DR Motorcycle Repairs
I planed on installing the part myself. Which required buying a socket wrench and a socket. No 3/8 drive socket wrenches available, only 1/2. Not a real problem, the quality seemed fair and the larger size makes it a little stronger anyway. Cost for the wrench and the size socket I needed another $10.00.
Once I got the part a kid about 17-18 comes out of the parts store to try and help me install the part. This is how a lot of people make money. They wait at the shop and try to help people install the parts and work out a payment to do it. I wasn’t that interested but I let him do it anyhow with me watching.
First he gets some scissors and cuts the wire. His intention is to splice the wire in the wheel well and call it good. I knew better. I could guess there must have been a better location for the connection under the seat. Took a minute or two to convince him I was not going to accept the splice and where I guessed he would find the connectors to do it right.
Taking the seat off. After I showed him how to remove the two side panels on the bike to get to the seat bolts he went to get something to remove the bolts, coming back with a set of pliers. At this point I pulled out the socket wrench I had just bought and showed him how to use it.
Once the seat was off I pointed to where I figured the connection would be, and then reached in and took it out myself. I pointed at the connectors on the end of the new turn signal and the connectors on the bike and he got the idea (unfortunately my grasp of Spanish doesn’t include many mechanical terms).
We threaded the wire though the wheel well together and I showed him how to get the bike put back together.
Point being is if I wasn’t there he would have just cut the wire and spliced it in the wheel well with a little tape and after a little while of getting hit with mud and water from the tire I would have started to have problems.

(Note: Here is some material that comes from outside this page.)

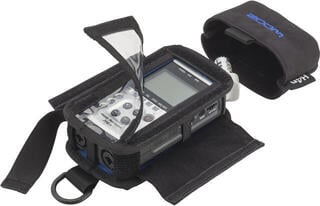 Obal pro digitální rekordér Zoom PCH-4n Obal pro digitální rekordér - 1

Today I had a similar experience with changing the battery on my wife’s Passola or Scooter. This requires using a small bolt and nut on each terminal. His first choice (different “mechanic” this time) were just a standard hex nut with a slightly larger bolt. The battery requires a special square nut that gets locked into position on the battery. While I’m sure he would have found a way to get it to work, it would not have fit tightly and after a couple months of corrosion I would have started to have battery problems again. He eventually went back and found the new nuts and bolts that originally came with the battery and started to hook it up.
Also it seemed to be a foreign concept to clean the corrosion off the cable ends before installing them onto the battery. I had to stop him, request some sand paper and clean them myself.

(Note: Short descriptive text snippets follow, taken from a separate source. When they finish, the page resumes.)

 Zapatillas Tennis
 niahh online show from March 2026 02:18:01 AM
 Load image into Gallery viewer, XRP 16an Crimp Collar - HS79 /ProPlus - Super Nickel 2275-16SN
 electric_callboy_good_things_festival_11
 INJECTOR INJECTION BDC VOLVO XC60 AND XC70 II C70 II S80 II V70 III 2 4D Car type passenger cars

I could go on with this (I’ve actually had to do several repairs, all were about the same story) but the point is, while people are very willing to help, and usually at a very low price, it is very difficult to trust most of the work done here. From watching over the last couple years it is pretty evident that very few of the mechanics at the small shops have any training (I don’t really have any experience with the large mechanic shops in the cities, only the campo towns). They’ve watch someone else with very little experience and pretty much go by the motto of if it runs when it leaves it is good enough.
Even if you are going to have someone else do the work, you should always watch how it is done, and firmly not allow shortcuts to be taken. Better yet, try to find a repair manual on your bike of vehicle and do it yourself. If that isn’t possible ask try to get recommendations from your friends on where to go. While that doesn’t guarantee the work to be done right at least you have a bit better chance.